In a book titled Leaders Who Lust, my coauthor and I defined lust this way. A psychological drive that produces intense wanting, even desperately needing to obtain an object, or to secure a circumstance. When the object has been obtained, or the circumstance secured, there is relief, but only briefly.

Soon lust returns, again to be all-consuming. On the plus side a leader who lusts is a force of nature. On the minus side, a leader who lusts is driven by a single passion that crowds out everything, and everyone else.  

Since he first ran for president of the United States in 2015 it has been widely assumed that Trump’s overweening desire was for power. During the first year of his second term this assumption was reinforced by his unyielding demand for abject loyalty, and that those who denied him be punished.

But Trump’s lust has never been for power. Or at least not power per se. Rather power has always been and it still is a means to an end.

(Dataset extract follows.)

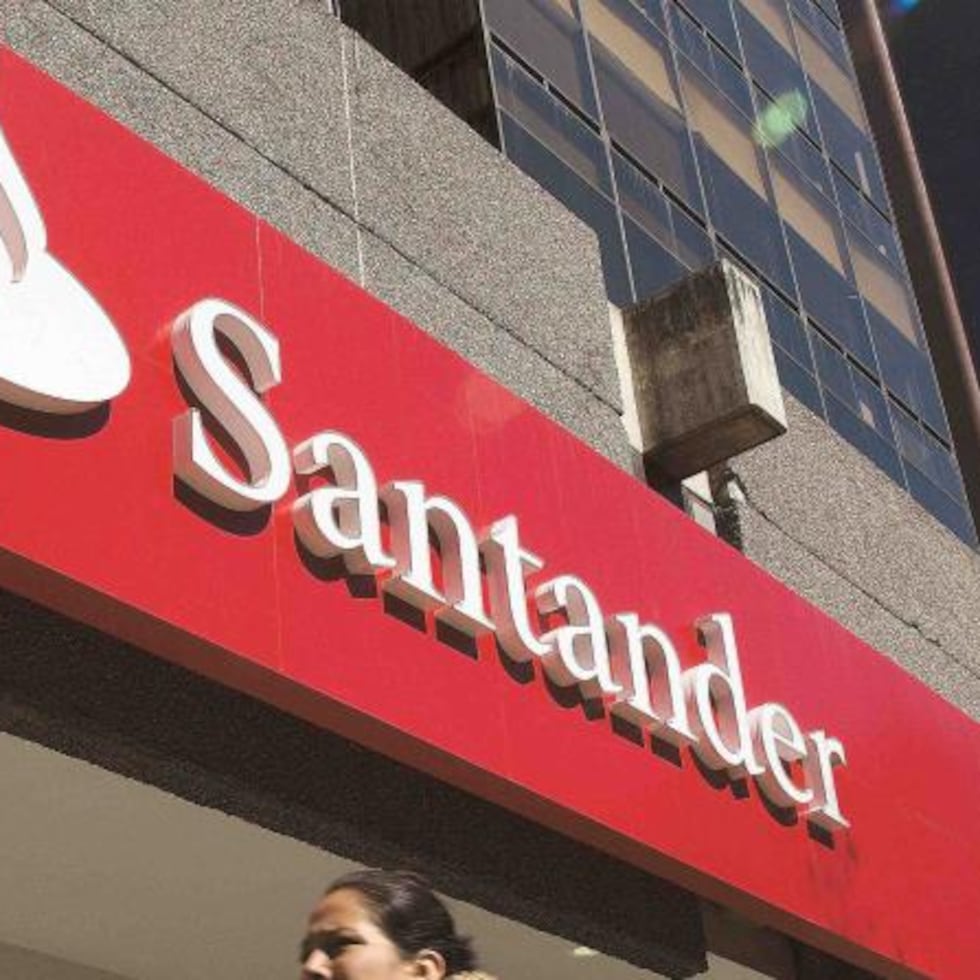 El Banco Santander operó en Puerto Rico hasta 2020, cuando FirstBank Puerto Rico adquirió la filial en la isla por unos $1,100 millones.
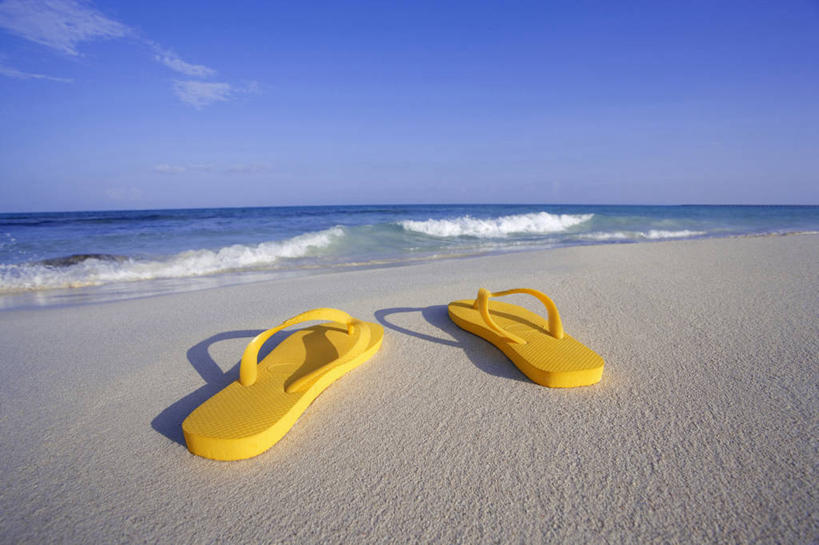 无人,横图,室外,白天,凉鞋,度假,自由,水,鞋子,加勒比海,沙子,液体,陆地,水平线,调料,盐,调味品,图像,调味料,食盐,黄色,蓝色,风景,天空,拖鞋,夏天,大西洋,季节,摄影,盐水,万里无云,海滩,彩图,夹趾拖鞋,人字拖,人字拖鞋,旅行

A means for him to satisfy his lust which is for money, not policy.  

In the last 24 hours were shock and awe at the revelation that in 2025 Trump’s revenue jumped to at least $2.2 billion – staggeringly more than it was before he became president a second time. And, obviously, staggeringly more than any other president in American history.

People are wringing their hands, seemingly stunned by what Trump himself has trumpeted as long as he’s been in the public eye. When he first ran for president, in 2016, Trump gleefully boasted, “My whole life I’ve been greedy, greedy, greedy. I’ve grabbed all the money I could get. I’m so greedy.” And once he won the White House, the edifice itself has testified to his obsession with abundance and affluence. All that gilt, all that gold? Silent signs of Trump’s lust.

From a psychological perspective it’s far more instructive to think of President Trump as a kleptocrat than as an autocrat. They’re related, of course – the lust for money and the drive for power. But they are not the same and, in this case, the first dominates and drives the second, not the other way around.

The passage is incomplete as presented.